0

I'm trying to parse a string with multiple lines.

Suppose it is:

text = '''
Section1
stuff belonging to section1
stuff belonging to section1
stuff belonging to section1
Section2
stuff belonging to section2
stuff belonging to section2
stuff belonging to section2
'''

I want to use the finditer method of the re module to get a dictionary like:

{'section': 'Section1', 'section_data': 'stuff belonging to section1\nstuff belonging to section1\nstuff belonging to section1\n'}
{'section': 'Section2', 'section_data': 'stuff belonging to section2\nstuff belonging to section2\nstuff belonging to section2\n'}

I tried the following:

import re
re_sections=re.compile(r"(?P<section>Section\d)\s*(?P<section_data>.+)", re.DOTALL)
sections_it = re_sections.finditer(text)

for m in sections_it:
    print m.groupdict() 

But this results in:

{'section': 'Section1', 'section_data': 'stuff belonging to section1\nstuff belonging to    section1\nstuff belonging to section1\nSection2\nstuff belonging to section2\nstuff belonging to section2\nstuff belonging to section2\n'}

So the section_data also matches Section2.

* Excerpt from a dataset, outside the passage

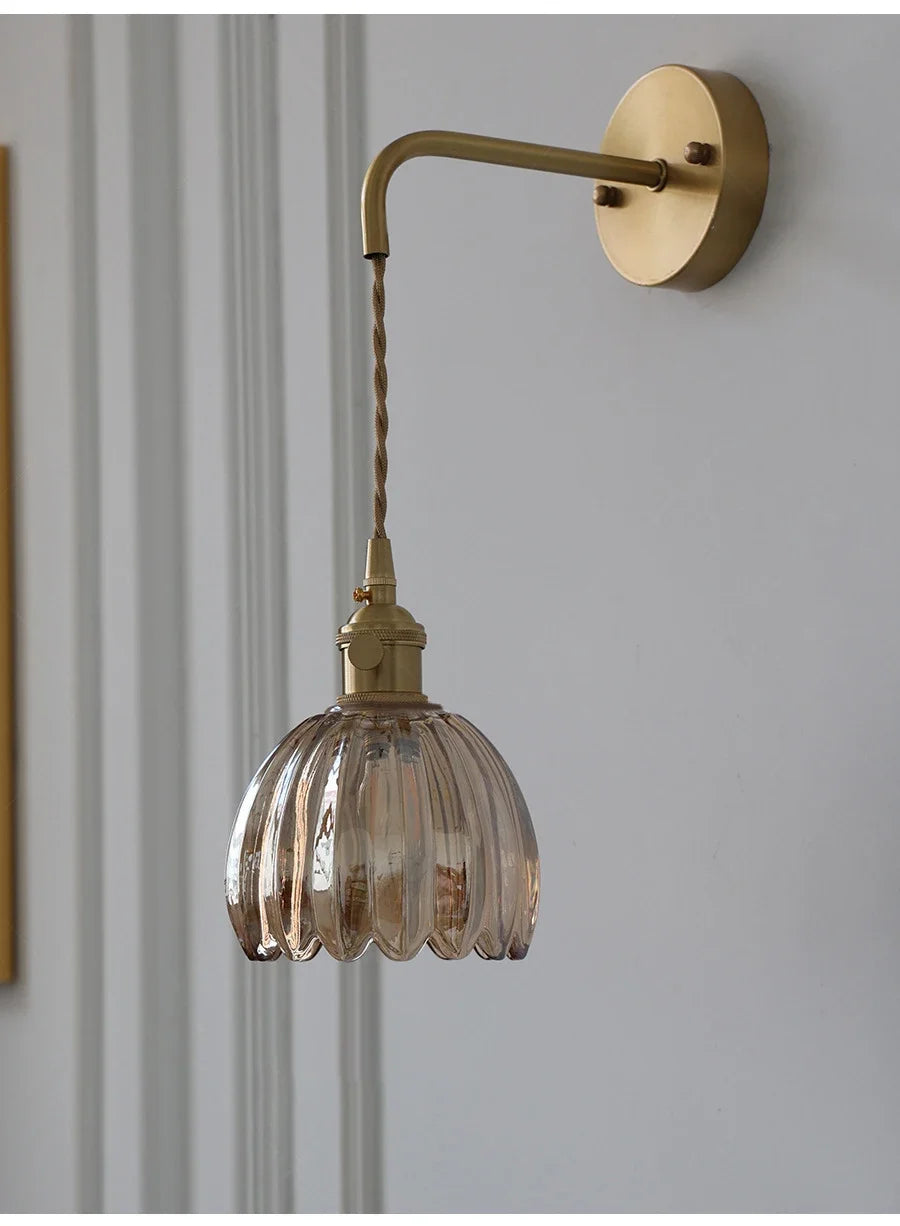 Modern Japanese Retro Floral Glass Wall Lamp Modern Simple Bedside Lamp For Bedroom Study Led Mirror Light Nordic Wall Sconce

I also tried to tell the second group to match all but the first one. But this leads to no output at all.

re_sections=re.compile(r"(?P<section>Section\d)\s+(?P<section_data>^(?P=section))", re.DOTALL)

I know I could use the following re, but I'm looking for a version, where I do not have to tell what the second group looks like.

re_sections=re.compile(r"(?P<section>Section\d)\s+(?P<section_data>[a-z12\s]+)", re.DOTALL)

Thank you very much!

user2221323
  • 493
  • 6
  • 15

1 Answers1

1

Use a look-ahead to match everything up to the next section header, or the end of the string:

re_sections=re.compile(r"(?P<section>Section\d)\s*(?P<section_data>.+?)(?=(?:Section\d|$))", re.DOTALL)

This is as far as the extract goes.